= Solomon London =

Lithuanian author and publisher

Solomon ben Moses Raphael London (שלמה זלמן בן משה רפאל לונדן; 1661–1748) was a Lithuanian author and publisher, who lived in Novogrudok in the first half of the eighteenth century.
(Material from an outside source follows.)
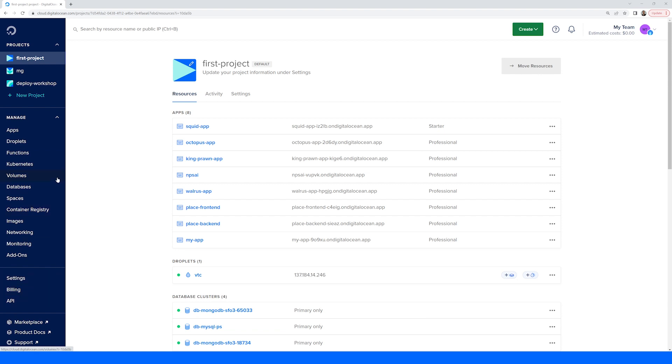The resource management options can be found in the manage dropdown and here you can select a particular resource type to further view, create, or make adjustments to the deployed resources of that type.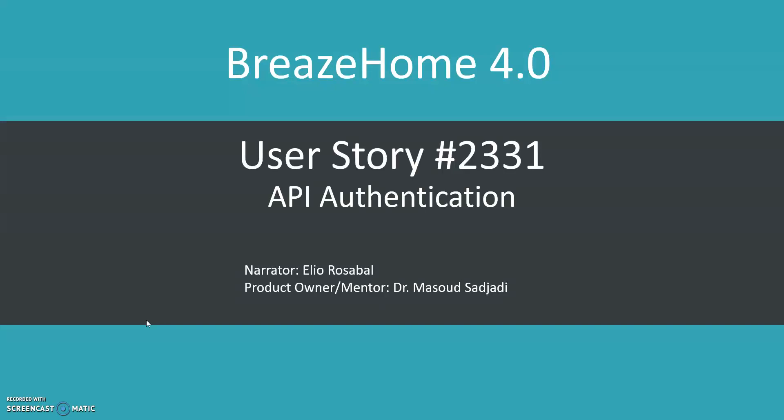Hello, my name is Helio Roosevelt and I'm a team member of Brism 4.0. The product owner and mentor of this project is Dr. Masuzajari. I'm going to be talking about user story 2031 which is API authentication.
He was the pupil of Rabbi Samuel Schotten of Frankfurt.

==Publications==

- "Zokher ha-berit" (1710) On the rites of circumcision.
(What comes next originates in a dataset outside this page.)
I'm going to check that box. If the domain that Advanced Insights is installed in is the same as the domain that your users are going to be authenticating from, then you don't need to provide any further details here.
- Shem-Tov ibn Falaquera (1716). "Tseri ha-yagon"
- Moses ben Abraham Mat (1720). "Mateh Mosheh"
- "Minḥah ḥadashah" (1722) On the Pirkei Avot, containing extracts from Rashi, Maimonides, and the Pirkei Moshe and Lev Avot of Michael Moraftschek.
- "Tikkun Shelomoh" (1733) The order of Sabbath prayers according to Isaac Luria.
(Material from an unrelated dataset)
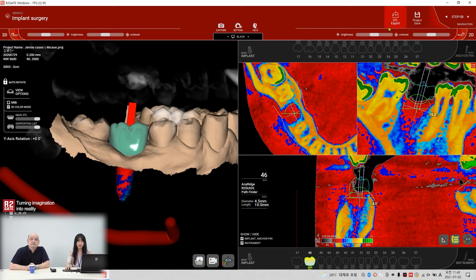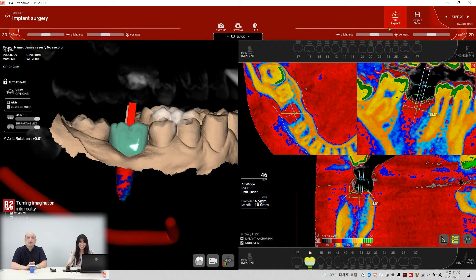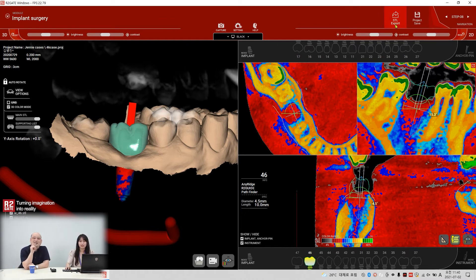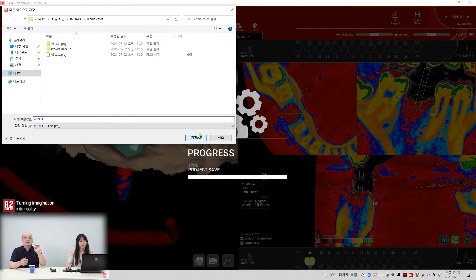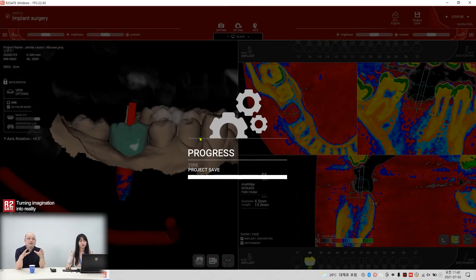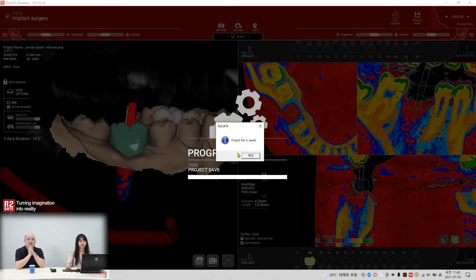Next is guide design. But before you export, you have to save the project. Save the project — save all your work to the project file.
- "Orḥot tsadikkim" (1735) With a Yiddish translation.
- Landau, Jacob (1738). "Ha-agur"
- "Kehillat Shelomoh" (1744) a collection of rites, prayers, and dinim, with a small Hebrew and Yiddish vocabulary under the title Ḥinnukh Katan.
- "Sefer ha-gan" (1747) Moral exhortations of Judah Ḥasid, and the Hadrakah of Johanan Luria.